Economically, the European Union has a massive gap with the United States, with about 70 per cent of that gap being due simply to lower productivity. It cannot be overstated how much this did not have to happen. Yes, Europe was wrecked during World War II, but since then they have 80 years of peace (as of this year) and have had another power protecting them. Such a collapse of production and industry is inexcusable, and can only be explained by laziness of leaders and a lack of vision.

Or perhaps one should say a loss of purpose. Margaret Vestager, who served in the previous commission, in 2020 said that Europe had a “self-assessment that we are a regulatory superpower.” She said: “You can regulate things that you know about, [but it’s] very difficult to regulate things that you do not know about.” Her argument was that the union should allow for more innovation.
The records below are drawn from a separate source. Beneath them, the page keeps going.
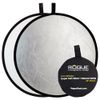 Rogue 2 – In – 1 80 cm Silver/White Collapsible SLR [SLR]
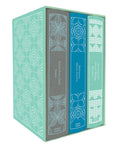 Major Works of the Stoics 3-Book Boxed Set: Meditations; Letters from a Stoic; Discourses and Selected Writings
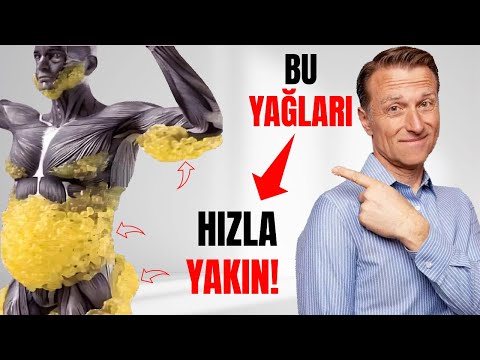 Yağ Yakmanın Temel Kuralları | Dr. Berg Türkçe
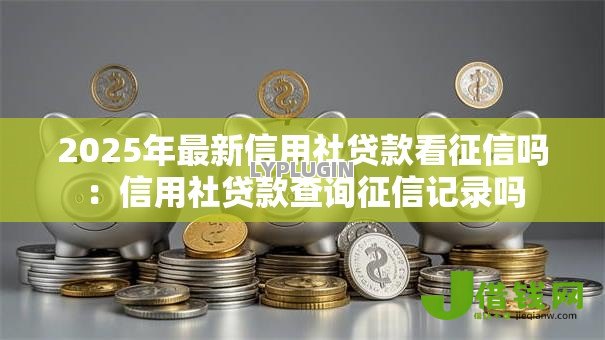 2025年最新信用社贷款看征信吗:信用社贷款查询征信记录吗 2025年最新信用社贷款看征信吗:信用社贷款查询征信记录吗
But then the next year she championed the commission’s effort to make the USB-C charger the standard for Europe. That was arguably the commission’s greatest success – and it had nothing to do with innovation. If anything, it weakened it.

By relying on Cold War-era structures, and on America to uphold those structures, European leadership has put their continent into a terrible situation. Their continent is full of innovative, creative, and intelligent people – yet leadership lethargy has trickled down and stalled the gears of European innovation.

When Trump was sworn in for a second time, he declared a new “golden age.” Europeans in Brussels, instead of clinging onto old ideas, should look for ways to create a new golden age of their own.